Caption – Invictus is latin for Unconquered
Well, the Invictus Games came and went in Toronto, ON from 23-30 September 2017. 550 ill and injured veterans, and about 900 friends and family from 17 different nations competed in 12 different sports.
The Sheraton Town Centre Hotel lobby in downtown Toronto turned into the “It” party for the week straight.
The scope and scale of the Invictus Games can be easily Googled, the human and warrior spirit displayed at the Games cannot.
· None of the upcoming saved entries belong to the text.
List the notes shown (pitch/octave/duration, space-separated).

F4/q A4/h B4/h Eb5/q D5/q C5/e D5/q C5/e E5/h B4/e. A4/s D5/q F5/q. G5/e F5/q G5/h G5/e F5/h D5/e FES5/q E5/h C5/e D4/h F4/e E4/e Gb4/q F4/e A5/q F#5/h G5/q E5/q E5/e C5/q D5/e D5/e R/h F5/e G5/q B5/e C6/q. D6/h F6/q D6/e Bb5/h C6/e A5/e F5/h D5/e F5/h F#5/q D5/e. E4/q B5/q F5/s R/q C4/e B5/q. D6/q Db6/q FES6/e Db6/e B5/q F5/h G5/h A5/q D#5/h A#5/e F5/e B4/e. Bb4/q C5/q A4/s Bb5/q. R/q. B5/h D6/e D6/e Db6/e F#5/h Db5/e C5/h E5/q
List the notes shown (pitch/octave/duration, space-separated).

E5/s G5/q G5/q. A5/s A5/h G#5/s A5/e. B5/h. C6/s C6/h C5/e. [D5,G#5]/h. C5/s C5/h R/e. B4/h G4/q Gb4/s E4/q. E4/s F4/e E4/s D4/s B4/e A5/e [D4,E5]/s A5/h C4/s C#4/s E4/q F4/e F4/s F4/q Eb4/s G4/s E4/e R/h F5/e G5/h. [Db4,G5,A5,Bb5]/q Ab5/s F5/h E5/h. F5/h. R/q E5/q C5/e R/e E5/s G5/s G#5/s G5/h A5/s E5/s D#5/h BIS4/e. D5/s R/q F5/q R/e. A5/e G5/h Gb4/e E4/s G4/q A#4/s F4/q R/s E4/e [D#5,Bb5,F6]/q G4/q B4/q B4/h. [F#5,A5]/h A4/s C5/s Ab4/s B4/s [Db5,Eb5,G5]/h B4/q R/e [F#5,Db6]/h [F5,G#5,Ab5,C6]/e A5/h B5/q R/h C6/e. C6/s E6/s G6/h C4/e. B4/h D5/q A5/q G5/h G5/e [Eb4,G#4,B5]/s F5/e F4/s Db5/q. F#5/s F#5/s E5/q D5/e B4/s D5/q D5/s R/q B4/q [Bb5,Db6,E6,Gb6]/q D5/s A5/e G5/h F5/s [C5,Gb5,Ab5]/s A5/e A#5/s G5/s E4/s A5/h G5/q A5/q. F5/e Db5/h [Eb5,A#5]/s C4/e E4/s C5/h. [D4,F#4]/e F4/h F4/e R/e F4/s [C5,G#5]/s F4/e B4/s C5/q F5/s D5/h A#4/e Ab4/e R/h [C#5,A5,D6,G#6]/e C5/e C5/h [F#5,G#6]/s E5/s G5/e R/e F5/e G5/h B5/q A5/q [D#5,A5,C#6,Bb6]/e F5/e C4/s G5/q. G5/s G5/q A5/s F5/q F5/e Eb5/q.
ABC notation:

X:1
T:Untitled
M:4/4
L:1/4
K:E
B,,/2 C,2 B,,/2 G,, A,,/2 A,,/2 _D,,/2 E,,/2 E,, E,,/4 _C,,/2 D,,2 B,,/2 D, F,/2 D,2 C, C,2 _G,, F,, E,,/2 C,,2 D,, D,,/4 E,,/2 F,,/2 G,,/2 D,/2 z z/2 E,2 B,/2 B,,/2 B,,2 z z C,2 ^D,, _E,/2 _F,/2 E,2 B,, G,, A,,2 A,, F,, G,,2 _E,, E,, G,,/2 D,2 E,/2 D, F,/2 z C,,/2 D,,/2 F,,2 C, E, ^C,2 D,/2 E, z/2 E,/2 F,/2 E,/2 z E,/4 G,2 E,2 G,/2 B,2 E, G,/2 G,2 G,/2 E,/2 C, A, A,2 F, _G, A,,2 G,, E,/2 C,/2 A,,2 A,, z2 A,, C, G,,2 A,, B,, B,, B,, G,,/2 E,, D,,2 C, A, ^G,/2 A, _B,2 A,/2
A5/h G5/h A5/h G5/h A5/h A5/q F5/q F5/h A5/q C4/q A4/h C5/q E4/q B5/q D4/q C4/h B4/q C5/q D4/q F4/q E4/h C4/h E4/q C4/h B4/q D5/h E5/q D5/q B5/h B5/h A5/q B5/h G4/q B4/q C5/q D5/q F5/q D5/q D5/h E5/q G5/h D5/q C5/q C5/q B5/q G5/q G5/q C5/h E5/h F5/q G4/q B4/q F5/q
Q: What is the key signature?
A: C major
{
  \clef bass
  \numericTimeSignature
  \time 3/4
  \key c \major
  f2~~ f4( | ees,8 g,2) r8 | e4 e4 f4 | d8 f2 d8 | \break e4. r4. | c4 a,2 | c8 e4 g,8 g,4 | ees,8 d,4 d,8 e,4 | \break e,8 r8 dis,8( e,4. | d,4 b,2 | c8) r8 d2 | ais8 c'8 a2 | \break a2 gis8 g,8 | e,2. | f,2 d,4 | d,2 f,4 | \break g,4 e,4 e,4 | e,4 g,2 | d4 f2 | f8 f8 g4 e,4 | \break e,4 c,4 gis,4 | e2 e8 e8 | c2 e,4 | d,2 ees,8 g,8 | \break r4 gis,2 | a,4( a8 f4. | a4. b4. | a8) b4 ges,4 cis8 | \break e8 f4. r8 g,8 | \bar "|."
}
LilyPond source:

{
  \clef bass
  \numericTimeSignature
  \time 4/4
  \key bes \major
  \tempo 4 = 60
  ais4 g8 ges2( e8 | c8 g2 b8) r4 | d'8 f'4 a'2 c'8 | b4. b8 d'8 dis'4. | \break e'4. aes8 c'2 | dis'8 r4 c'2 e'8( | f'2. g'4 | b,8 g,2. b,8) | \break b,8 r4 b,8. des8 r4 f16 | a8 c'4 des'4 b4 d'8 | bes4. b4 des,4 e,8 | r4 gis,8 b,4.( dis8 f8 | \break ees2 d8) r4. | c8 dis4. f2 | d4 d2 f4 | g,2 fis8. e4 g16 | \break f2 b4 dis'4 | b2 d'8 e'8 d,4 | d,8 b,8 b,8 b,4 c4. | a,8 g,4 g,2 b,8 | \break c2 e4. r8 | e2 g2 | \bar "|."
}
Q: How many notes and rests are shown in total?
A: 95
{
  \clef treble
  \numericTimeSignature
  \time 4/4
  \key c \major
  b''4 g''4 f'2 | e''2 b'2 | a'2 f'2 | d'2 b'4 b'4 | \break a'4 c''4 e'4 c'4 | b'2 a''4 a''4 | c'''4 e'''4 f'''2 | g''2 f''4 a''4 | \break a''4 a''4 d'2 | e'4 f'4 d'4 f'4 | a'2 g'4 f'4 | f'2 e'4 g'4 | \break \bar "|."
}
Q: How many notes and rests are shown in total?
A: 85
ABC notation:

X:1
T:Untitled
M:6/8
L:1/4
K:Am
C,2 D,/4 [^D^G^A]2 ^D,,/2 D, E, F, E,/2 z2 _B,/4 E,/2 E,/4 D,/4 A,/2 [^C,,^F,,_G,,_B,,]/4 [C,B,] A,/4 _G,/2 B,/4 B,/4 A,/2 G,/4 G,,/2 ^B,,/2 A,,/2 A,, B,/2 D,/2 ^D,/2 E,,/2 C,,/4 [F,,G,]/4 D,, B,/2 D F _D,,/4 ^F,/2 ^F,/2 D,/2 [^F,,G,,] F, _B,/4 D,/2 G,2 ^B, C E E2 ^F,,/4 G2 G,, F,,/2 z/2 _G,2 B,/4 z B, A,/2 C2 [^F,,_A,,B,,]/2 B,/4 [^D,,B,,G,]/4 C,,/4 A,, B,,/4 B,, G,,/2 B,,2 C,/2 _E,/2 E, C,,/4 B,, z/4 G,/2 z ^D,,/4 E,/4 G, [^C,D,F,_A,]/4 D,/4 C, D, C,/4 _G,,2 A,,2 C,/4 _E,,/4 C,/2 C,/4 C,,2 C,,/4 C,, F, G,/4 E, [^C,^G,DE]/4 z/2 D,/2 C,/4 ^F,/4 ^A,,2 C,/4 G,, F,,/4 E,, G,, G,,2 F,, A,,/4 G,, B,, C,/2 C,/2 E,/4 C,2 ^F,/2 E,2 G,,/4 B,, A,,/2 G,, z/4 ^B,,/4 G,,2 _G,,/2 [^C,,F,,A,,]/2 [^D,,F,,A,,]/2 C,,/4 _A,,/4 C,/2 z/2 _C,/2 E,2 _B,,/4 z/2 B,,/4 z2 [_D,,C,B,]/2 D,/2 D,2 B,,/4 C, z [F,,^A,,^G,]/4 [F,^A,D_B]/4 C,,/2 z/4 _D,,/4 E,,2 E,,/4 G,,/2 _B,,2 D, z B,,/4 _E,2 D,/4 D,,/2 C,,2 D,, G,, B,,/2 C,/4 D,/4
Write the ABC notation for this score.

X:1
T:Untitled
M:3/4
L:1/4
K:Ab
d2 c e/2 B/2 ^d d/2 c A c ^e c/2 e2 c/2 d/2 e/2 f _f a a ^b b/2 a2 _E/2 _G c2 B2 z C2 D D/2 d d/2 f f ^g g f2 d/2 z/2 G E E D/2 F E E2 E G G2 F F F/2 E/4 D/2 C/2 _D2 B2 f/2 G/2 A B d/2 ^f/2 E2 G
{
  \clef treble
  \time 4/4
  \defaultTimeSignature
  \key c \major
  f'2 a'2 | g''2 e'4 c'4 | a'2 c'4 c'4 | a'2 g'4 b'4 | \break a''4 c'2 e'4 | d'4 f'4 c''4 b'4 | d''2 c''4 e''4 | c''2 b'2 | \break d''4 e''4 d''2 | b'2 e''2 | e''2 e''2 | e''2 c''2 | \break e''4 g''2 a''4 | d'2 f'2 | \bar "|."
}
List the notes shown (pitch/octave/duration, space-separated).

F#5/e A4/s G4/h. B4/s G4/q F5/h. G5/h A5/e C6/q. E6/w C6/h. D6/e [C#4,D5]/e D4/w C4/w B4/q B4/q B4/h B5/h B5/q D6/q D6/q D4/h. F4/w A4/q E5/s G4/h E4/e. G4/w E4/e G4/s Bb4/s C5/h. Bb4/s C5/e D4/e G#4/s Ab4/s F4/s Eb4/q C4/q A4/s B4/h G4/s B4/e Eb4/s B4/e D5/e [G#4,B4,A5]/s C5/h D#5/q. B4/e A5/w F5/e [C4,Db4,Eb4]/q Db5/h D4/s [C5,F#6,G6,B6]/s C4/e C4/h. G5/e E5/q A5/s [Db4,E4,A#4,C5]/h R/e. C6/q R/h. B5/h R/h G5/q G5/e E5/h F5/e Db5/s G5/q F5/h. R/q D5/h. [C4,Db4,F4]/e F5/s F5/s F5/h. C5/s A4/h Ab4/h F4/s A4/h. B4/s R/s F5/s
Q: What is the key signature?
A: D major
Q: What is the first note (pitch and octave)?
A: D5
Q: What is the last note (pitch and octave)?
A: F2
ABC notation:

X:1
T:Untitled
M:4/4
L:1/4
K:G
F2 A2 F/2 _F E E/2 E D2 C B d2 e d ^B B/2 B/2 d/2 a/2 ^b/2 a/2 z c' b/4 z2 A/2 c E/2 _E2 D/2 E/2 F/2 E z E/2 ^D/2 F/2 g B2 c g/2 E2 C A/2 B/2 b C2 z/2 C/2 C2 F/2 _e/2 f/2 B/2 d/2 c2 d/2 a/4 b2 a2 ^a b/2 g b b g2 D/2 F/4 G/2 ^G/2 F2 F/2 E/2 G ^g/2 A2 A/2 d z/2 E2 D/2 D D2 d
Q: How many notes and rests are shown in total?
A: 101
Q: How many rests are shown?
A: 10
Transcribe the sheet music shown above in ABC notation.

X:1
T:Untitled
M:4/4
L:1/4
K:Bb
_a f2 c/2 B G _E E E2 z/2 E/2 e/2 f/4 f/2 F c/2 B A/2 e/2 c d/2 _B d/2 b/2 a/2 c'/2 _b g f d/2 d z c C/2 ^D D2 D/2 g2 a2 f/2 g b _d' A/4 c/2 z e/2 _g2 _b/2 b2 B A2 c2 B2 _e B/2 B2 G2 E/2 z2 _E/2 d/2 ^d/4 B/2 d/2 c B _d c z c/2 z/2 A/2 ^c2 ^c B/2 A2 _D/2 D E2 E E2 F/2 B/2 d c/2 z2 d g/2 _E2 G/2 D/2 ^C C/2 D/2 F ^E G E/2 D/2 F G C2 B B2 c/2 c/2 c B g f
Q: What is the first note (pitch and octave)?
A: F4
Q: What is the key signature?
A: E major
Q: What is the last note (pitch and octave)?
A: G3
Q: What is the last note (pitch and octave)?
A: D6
To quote His Royal Highness Prince Harry and Patron of the Invictus Games “…Invictus is about the dedication of the men and women who served their countries, confronted hardship, and refused to be defined by their injuries…”
For a week, the Toronto provided a venue to host a celebration of troops and their families who refused to be conquered, and provide hope for those who may be in a dark place.
This was what the games were all about. Not winning or losing, but advancing beyond the setbacks from the darker side of our profession. As the audience of this particular publication knows all too well, the Canadian Armed Forces and other nations allied to us have been in almost continuous operations since 2003 – some more or less, in many countries around the world. Although Team Canada did very well, there were no medal counts – it would have been outside the scope of the Games to maintain one.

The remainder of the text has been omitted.